The interviews were performed in order to investigate what design engineers working in the automotive industry today views the topics of decisions and design tools. The answers have been analyzed in order to formalize precise answers to the proposed research questions.

An additional interview was performed with a CAD software expert, who has 20 years of experience in teaching in CAD software at university level and have continuously been examining the five big CAD systems (PTC CAD systems, Catia, Inventor, SolidWorks and NX). This was done to investigate one research question that was not answered in the interview study with current design engineers. This interview will be referred to as the expert interview.

2.2.2. Literature study

A literature study was performed in order to validate the interview findings. This study focused on design and product development literature, investigating the context for the design engineers and theory behind some commonly used design tools. The literature study has also aided in creating designing the interviews.

2.3. Delimitations and assumptions

This paper has been limited to only investigate digital tools used by design engineers in the industry. Only design engineers in the automotive industry have been interviewed, which means that the result cannot necessarily be generalized outside this industrial sector. Likewise, only design engineers working in Swedish companies have been participating in the study, which means that the result cannot necessarily be generalized globally.
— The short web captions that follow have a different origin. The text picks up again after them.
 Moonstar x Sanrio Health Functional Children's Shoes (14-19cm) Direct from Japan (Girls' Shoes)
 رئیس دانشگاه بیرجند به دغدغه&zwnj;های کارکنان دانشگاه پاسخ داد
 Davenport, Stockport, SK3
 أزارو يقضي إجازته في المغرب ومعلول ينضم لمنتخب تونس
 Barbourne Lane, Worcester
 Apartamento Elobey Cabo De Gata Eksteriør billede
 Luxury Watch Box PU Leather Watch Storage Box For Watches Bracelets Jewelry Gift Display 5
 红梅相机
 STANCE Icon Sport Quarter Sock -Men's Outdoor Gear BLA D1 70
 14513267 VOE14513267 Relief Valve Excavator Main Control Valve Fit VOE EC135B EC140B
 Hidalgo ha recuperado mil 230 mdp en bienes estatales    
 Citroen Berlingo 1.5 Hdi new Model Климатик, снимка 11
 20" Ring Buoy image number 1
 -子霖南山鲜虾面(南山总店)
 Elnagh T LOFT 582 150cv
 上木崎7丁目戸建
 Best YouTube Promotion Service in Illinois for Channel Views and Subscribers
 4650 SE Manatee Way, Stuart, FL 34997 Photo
This paper has been focused on specific design tools, and responses regarding very common office tools as email clients and the Microsoft Office suite have been excluded from the results. The authors have only focused on Specific DSSs, since the respondents in the interview study have been viewed as end users. In this paper, the terms “Design”, “Engineering Design”, “Product Development” and “New Product Development” are used as synonyms.

3. Theory

3.1. Product development and design engineering theory

Ulrich & Eppinger [8] describes an arbitrary new product development (NPD) model to consist of 1) planning, 2) concept development, 3) system-level design, 4) detail design, 5) testing and refinement and 6) production ramp-up, as can be seen in figure 2.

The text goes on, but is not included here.